| Dataset |
• • • • • • •

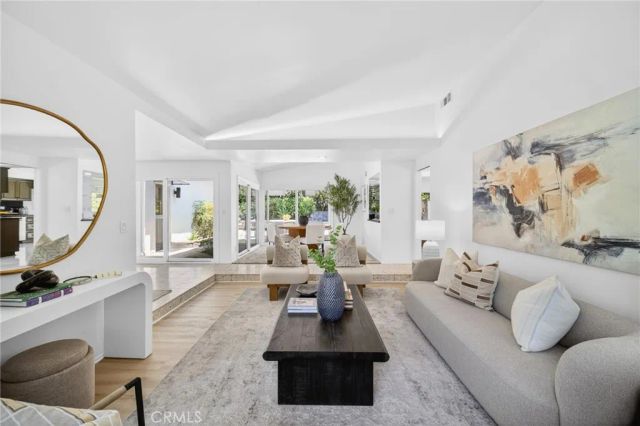 13132 Barrett Hill Circle, North Tustin, CA 92705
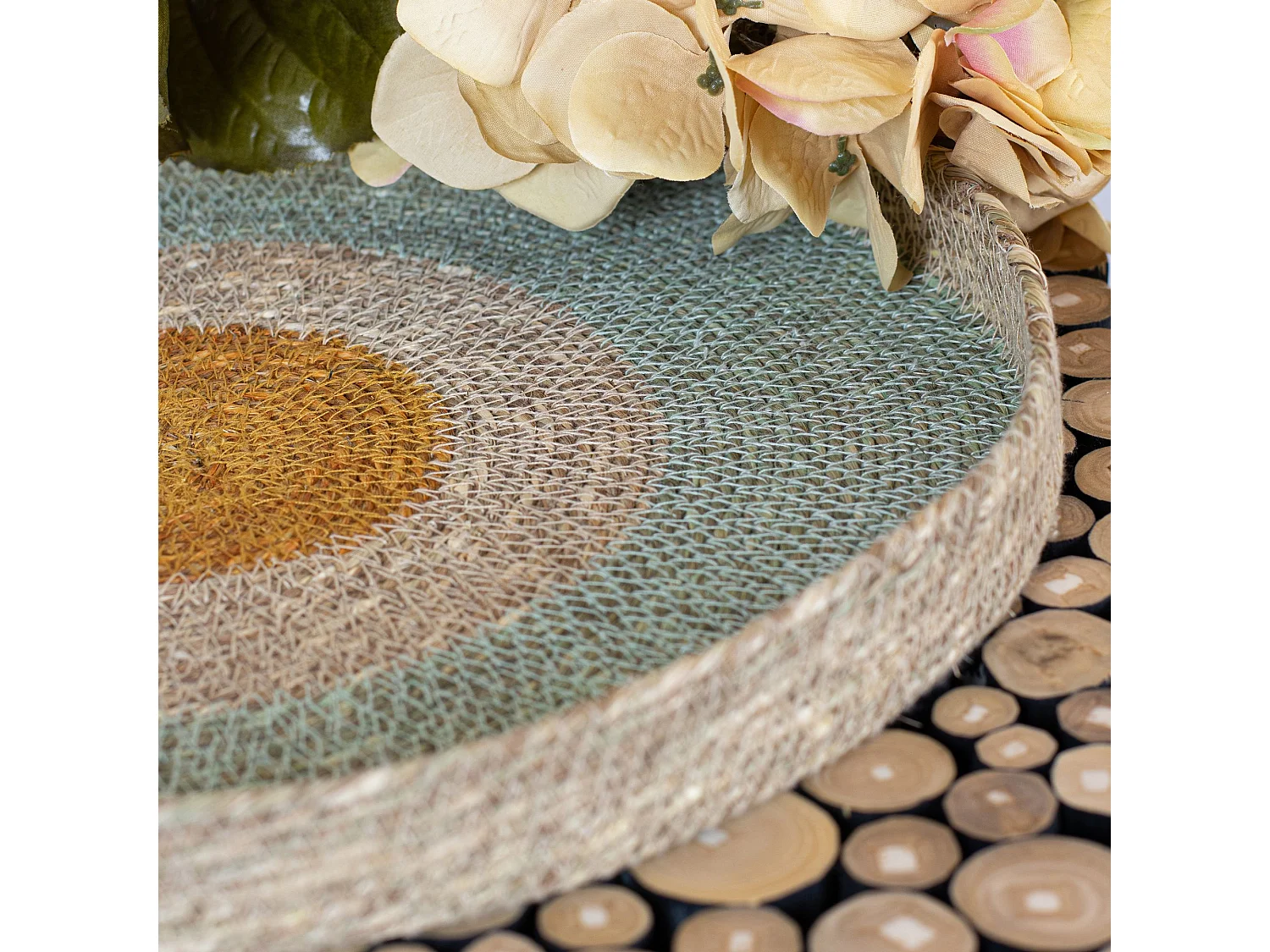 Now's Home - Centre De Table Rond En Jonc De Mer Tresse  Main Diam 33x4cm Kampa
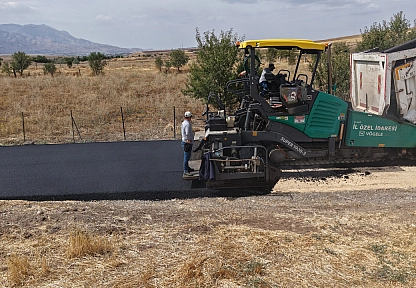 Kovancılar Adalı Köyü'nde sıcak asfalt çalışmaları başladı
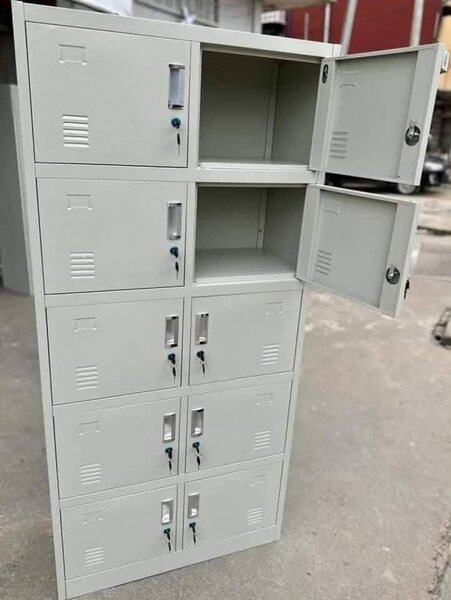 Armoire métallique de rangement 9 casiers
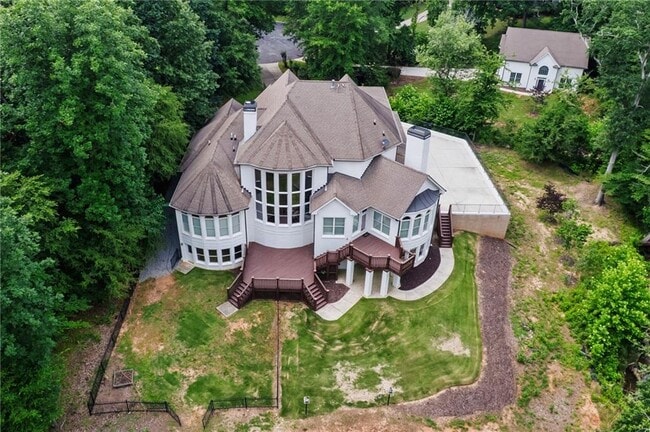 Building Photo - 105 Chablis Ct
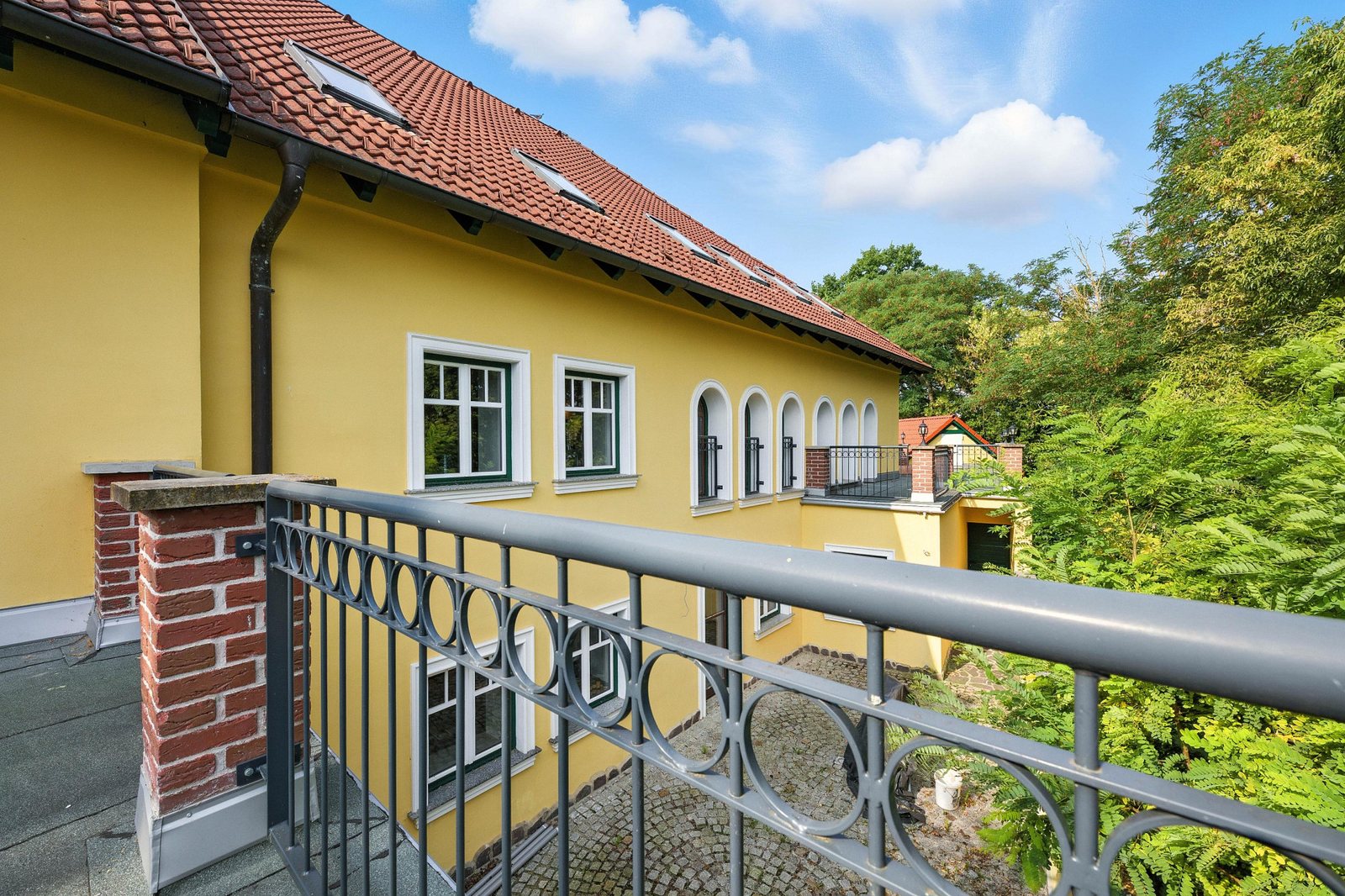 Terrasse im Obergeschoss mit Blick auf den Hof und die umliegende Landschaft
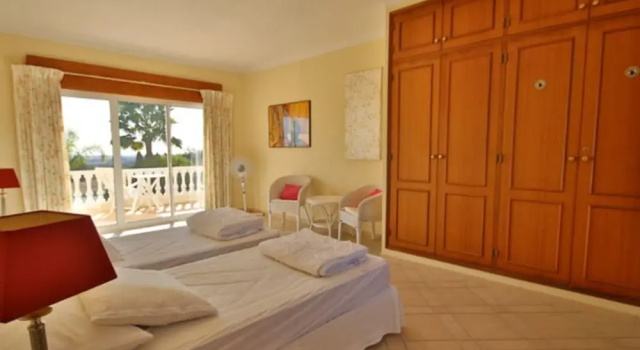 Belle villa à Albufeira, Забронировать Вилла Падерни Барловенто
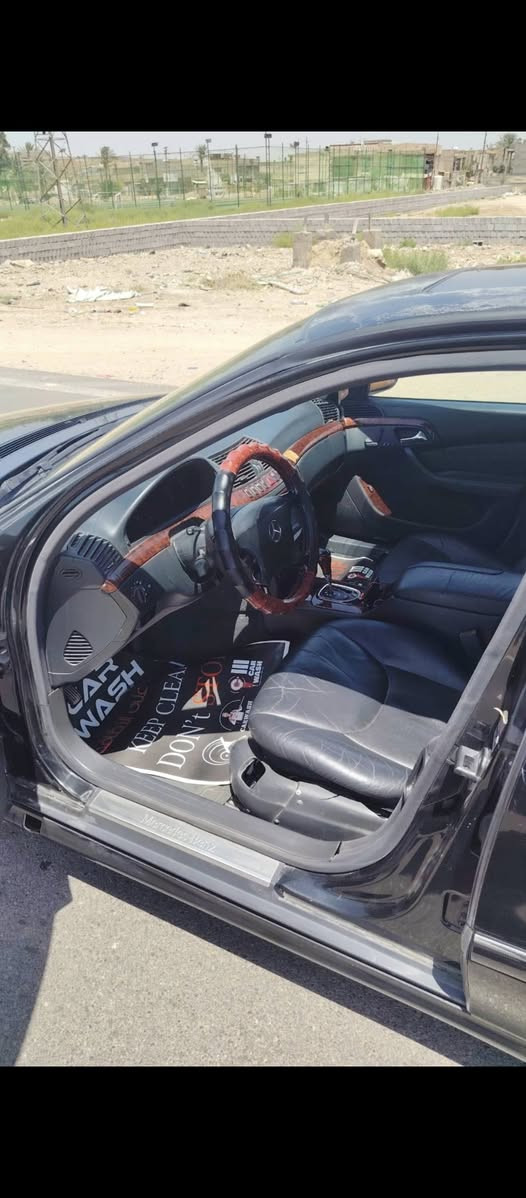 السلام عليكم    مارسدس غواصه للبيع فقط. موديل 99 رقم ذي قار سنويه بسمي تحويل ثاني يوم. مشروع وطني..
السنويه صاقطه. يعني اليخذه كبل الرقم الجديد.  محرك كير خير م̷ـــِْن •اللّـہ̣̥   غرفه نضيفه. صدر جديد السيارة علئ البلاد مامصبوغه بيه بس بنيد مصبوغ وارد ياباني.  وجراد بالقمارة واضح بالصور  وباقي التفاصيل معروفه. 320 غواصه. فتحه حساس امامي خلفي برده خلفي    العنوان بغداد. منطقه الحسينيه قرب مطعم. الامير.  والسعر83 او بيها مجال للطيبين. وهاذة رقمي*********** غير متواجد ع النت.   رقمي بي وت ساب واني حاضر. والي مايعجبه السعر. اكو هوايه والله يرزق الجميع والسونر موجود بالصو
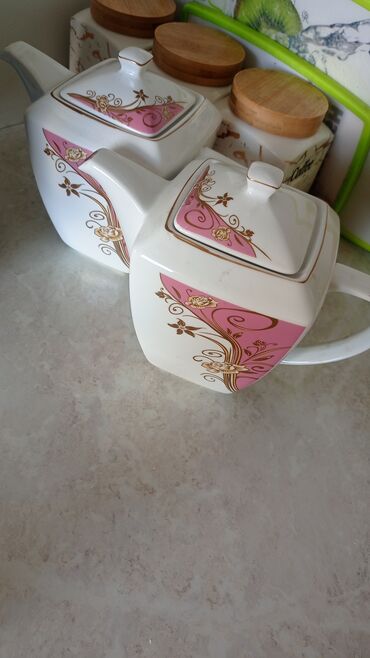 чайник полировка: Продаю чайники новые без трещин и сколов 200 сом за 2 шт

• • • • • • •

| Work request |
Give again, please, precisely the lines that begin the records and run through the line with "يوم. مشروع وطني.." in it, keeping both end lines and dropping any pictures.

| Completed exercise |
 13132 Barrett Hill Circle, North Tustin, CA 92705
 Now's Home - Centre De Table Rond En Jonc De Mer Tresse  Main Diam 33x4cm Kampa
 Kovancılar Adalı Köyü'nde sıcak asfalt çalışmaları başladı
 Armoire métallique de rangement 9 casiers
 Building Photo - 105 Chablis Ct
 Terrasse im Obergeschoss mit Blick auf den Hof und die umliegende Landschaft
 Belle villa à Albufeira, Забронировать Вилла Падерни Барловенто
 السلام عليكم    مارسدس غواصه للبيع فقط. موديل 99 رقم ذي قار سنويه بسمي تحويل ثاني يوم. مشروع وطني..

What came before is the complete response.